Constant-time on all hardware. AES-GCM relies on hardware AES-NI instructions for safe performance. Without them, table-lookup implementations are vulnerable to timing attacks. XChaCha20 is constant-time in software.
No practical performance difference in a browser. Both ciphers are fast enough that the bottleneck is network transfer, not encryption.

The encryption runs in your browser using libsodium, a well-audited cryptography library compiled to WebAssembly.

Step 3: Upload

After encryption, your browser sends the ciphertext to the server. Only the ciphertext. The key stays in the browser.

For small payloads (under 32 KB), the ciphertext goes to Azure Table Storage. For larger payloads, it goes to Cloudflare R2 via a pre-signed upload URL. Either way, the server receives an opaque blob of encrypted bytes. It can't distinguish a password from a poem.
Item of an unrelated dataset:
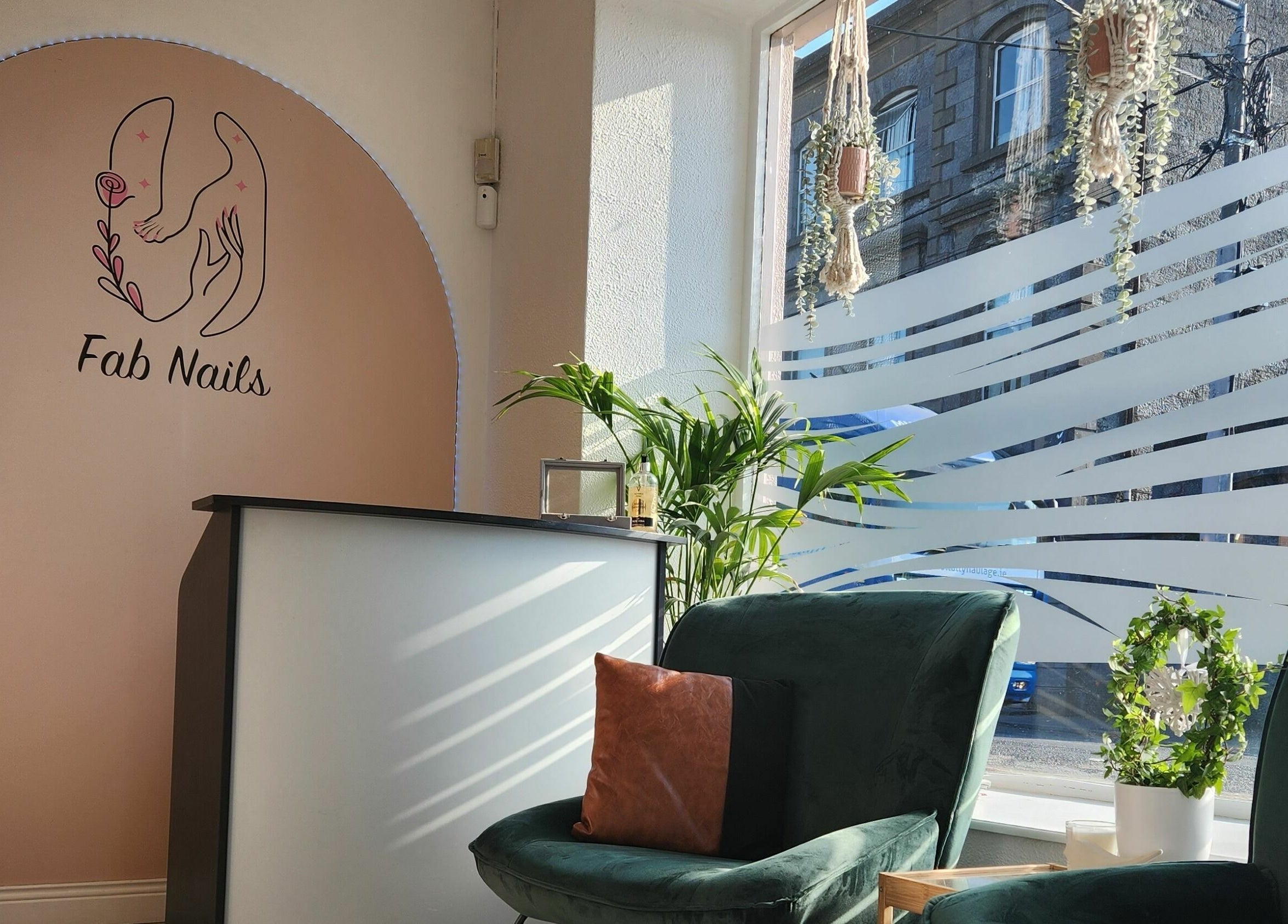 Reception area of Fab Nails Thurles in Thurles, County Tipperary, IE with elegant decor and natural light.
The server responds with a secret ID. Your browser combines this with the encryption key to build the share link.

Step 4: The share link

The link your browser generates looks like this:

https://secret.broker/app/reveal/abc123#key=base64encodedkey

Everything before the # is the path. The server sees this part. It identifies which encrypted blob to serve.

Everything after the # is the fragment. Browsers do not send URL fragments to servers. This is defined in RFC 3986, implemented by every browser, and is not a Secret.Broker feature. It's how the web works. The key travels from sender to recipient without passing through any server.
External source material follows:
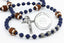 Custom dark blue first communion rosary with footballs, an engraved disc, and a name in beads. 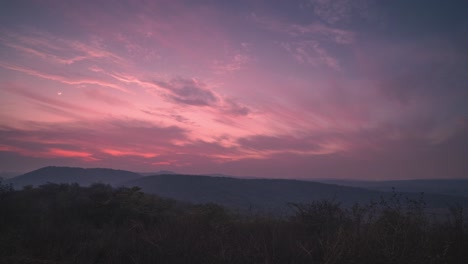 Zeitraffer-Von-Tag-Zu-Nacht-Eines-Farbenfrohen-Abendhimmels-In-Der-Dämmerung,-Der-In-Eine-Sternenklare-Nacht-übergeht,-Mit-Einer-Hügeligen-Landschaft-Und-Dem-Mond-Im-Vordergrund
Step 5: Decryption and deletion

When the recipient opens the link, their browser extracts the key from the fragment, fetches the ciphertext from the server, and decrypts it locally using the same XChaCha20-Poly1305 cipher.

If the Poly1305 authentication tag doesn't verify, decryption fails. This means the data was corrupted or tampered with in transit. The recipient sees an error rather than corrupted output.

Once decrypted, the server deletes the stored ciphertext. The link is now dead. Opening it again returns nothing. If the secret was configured with a view limit greater than one, deletion happens after the last allowed view.

What the server knows

At no point does the server have access to:

The plaintext secret
The encryption key
Any metadata about the content (length of the original text, whether it contains a password or a file)

The server knows that a blob of a certain size was stored at a certain time and was retrieved at a certain time. That's the minimum it needs to function. It can't know less and still serve the data.

File attachments

File attachments follow the same pipeline. The file bytes are encrypted alongside the text content into a single ciphertext blob. File names and MIME types are included in the encrypted payload, not sent as metadata. The server doesn't know whether you're sharing a password, a document, or both.

What this doesn't protect against

Encryption solves a specific problem: preventing unauthorized access to data at rest and in transit. It doesn't solve everything.

If the recipient's device is compromised, the attacker can read the secret after decryption. This is true of any encrypted communication.
If someone intercepts the share link (including the fragment), they can decrypt the secret. Send links through a channel you trust.
If the sender's browser is compromised at the time of encryption, the plaintext is already exposed. Client-side encryption assumes the client is trusted.

These are the boundaries of the system. They're real, and it's worth understanding them. Within those boundaries, the server never has access to your data and never can.